Aboveground carbon biomass estimate with Physics-informed deep network

Juan Nathaniel
Columbia University
NY, USA
\AndLevente J. Klein
IBM Research
Yorktown Heights, NY, USA
\ANDCampbell D. Watson
IBM Research
Yorktown Heights, NY, USA
\AndGabrielle Nyirjesy
Columbia University
NY, USA
\AndConrad M. Albrecht
German Aerospace Center
Weßling, Germany
Corresponding author ([email protected])

Abstract

The global carbon cycle is a key process to understand how our climate is changing. However, monitoring the dynamics is difficult because a high-resolution robust measurement of key state parameters including the aboveground carbon biomass (AGB) is required. Here, we use deep neural network to generate a wall-to-wall map of AGB within the Continental USA (CONUS) with 30-meter spatial resolution for the year 2021. We combine radar and optical hyperspectral imagery, with a physical climate parameter of SIF-based GPP. Validation results show that a masked variation of UNet has the lowest validation RMSE of 37.93 ± 1.36 Mg C/ha, as compared to 52.30 ± 0.03 Mg C/ha for random forest algorithm. Furthermore, models that learn from SIF-based GPP in addition to radar and optical imagery reduce validation RMSE by almost $10\%$ and the standard deviation by $40\%$ . Finally, we apply our model to measure losses in AGB from the recent 2021 Caldor wildfire in California, and validate our analysis with Sentinel-based burn index.

1 Introduction

Aboveground carbon biomass (AGB) is an important component to monitor carbon cycle on the local [1, 2] and global scale [3, 4]. A recent state-of-the-art light detection and ranging (LiDAR) mission from NASA’s Global Ecosystem Dynamics Investigation (GEDI) generates a global yet non-continuous sparse measurements of vegetation parameters, including AGB estimates with a 60-meter along-track and 600-meter across-track gaps between footprints [5]. Here, we apply a Physics-informed deep network to generate a 30-meter resolution, wall-to-wall continuous AGB estimate in CONUS for the summertime (June-August) 2021 period. The model is trained on more than one million GEDI footprints using a combination of radar and optical imagery [6]. In addition, we incorporate a measure of photosynthetic intensity as captured by solar-induced fluorescence (SIF)-based gross primary production (GPP). SIF-based GPP is one of the key physical parameters regulating AGB [7, 8]. We validate our results using field-based AGB observations and evaluate their consistency across climate zones. Finally, we use our high resolution AGB map to assess the impact of wildfire, in terms of how much carbon biomass had been lost to the environment.

2 Methodology

This section provides a detailed description of the data, models, and evaluation metrics used, and are summarized in Figure 1.
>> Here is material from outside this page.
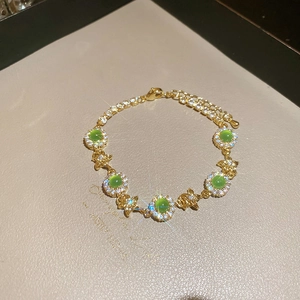 Close-up of gold bracelet featuring green stones, zircons and a small fish pendant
Figure 1: Schematic overview that summarizes our data-processing steps at the leftmost panel and datacube generation during training and validation steps. The modeling process is iterated across different data setups (SIF/S1/S2, S1/S2, and S2-only) in an ablation study.

2.1 Data Processing

GEDI is one of the current state-of-the-art spaceborne LiDAR missions to capture a detailed measure of ecosystem structure [9]. However, the data generated is spatially sparse. Therefore, we attempt to produce a dense 30-meter resolution AGB estimate using multiple input features including radar and optical hyperspectral imagery from Sentinel-1 and Sentinel-2, as well as SIF-based GPP from the OCO-2 mission [7]. We use the vertical co-polarization (VV) and vertical/horizontal cross-polarization (VH) band of Sentinel-1, and the entire 12 bands of Sentinel-2. Furthermore, we produce near-cloud-free optical imagery by taking the median value of non-cloudy pixel as defined by the scene classification layer (SCL) of Sentinel-2. Finally, we perform grid cell geospatial matching to combine the dataset together. The validation sites are situated in the Northwestern America [10] and New England [11].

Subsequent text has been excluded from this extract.